[Short web captions]
──────

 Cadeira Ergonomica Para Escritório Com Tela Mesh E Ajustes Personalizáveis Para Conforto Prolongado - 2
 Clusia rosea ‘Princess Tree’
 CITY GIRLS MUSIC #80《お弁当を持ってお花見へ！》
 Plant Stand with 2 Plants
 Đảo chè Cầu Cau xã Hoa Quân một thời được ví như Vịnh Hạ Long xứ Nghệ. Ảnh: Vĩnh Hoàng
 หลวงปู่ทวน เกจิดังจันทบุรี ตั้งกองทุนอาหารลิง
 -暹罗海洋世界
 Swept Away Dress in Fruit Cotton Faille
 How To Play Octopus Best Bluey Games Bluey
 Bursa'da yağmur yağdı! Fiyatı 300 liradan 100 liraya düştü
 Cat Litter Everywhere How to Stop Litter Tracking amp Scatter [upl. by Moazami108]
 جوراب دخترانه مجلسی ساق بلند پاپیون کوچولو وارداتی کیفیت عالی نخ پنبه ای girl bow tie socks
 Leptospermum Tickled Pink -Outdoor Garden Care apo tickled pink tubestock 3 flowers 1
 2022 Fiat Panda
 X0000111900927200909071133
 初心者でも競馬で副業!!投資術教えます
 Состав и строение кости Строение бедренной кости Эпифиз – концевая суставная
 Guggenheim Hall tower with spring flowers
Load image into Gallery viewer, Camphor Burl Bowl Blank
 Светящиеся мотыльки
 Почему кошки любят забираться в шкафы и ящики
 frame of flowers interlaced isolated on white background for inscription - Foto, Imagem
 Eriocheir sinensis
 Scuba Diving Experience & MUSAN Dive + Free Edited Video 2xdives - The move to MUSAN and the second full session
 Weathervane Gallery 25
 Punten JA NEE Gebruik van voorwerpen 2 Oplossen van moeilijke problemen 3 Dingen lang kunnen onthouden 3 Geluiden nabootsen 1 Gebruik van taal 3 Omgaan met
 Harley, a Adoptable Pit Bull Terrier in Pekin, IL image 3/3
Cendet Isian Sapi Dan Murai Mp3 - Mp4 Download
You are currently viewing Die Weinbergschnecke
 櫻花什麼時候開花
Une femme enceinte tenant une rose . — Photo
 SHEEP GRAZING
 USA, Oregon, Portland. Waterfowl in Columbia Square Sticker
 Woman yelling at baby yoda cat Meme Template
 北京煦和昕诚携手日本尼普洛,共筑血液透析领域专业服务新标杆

──────

» Try it:
Every line above from the line with "2022 Fiat Panda" to the line with "Eriocheir sinensis" is wanted, ends included; write them out exactly and add no other line.

» Written solution:
 2022 Fiat Panda
 X0000111900927200909071133
 初心者でも競馬で副業!!投資術教えます
 Состав и строение кости Строение бедренной кости Эпифиз – концевая суставная
 Guggenheim Hall tower with spring flowers
Load image into Gallery viewer, Camphor Burl Bowl Blank
 Светящиеся мотыльки
 Почему кошки любят забираться в шкафы и ящики
 frame of flowers interlaced isolated on white background for inscription - Foto, Imagem
 Eriocheir sinensis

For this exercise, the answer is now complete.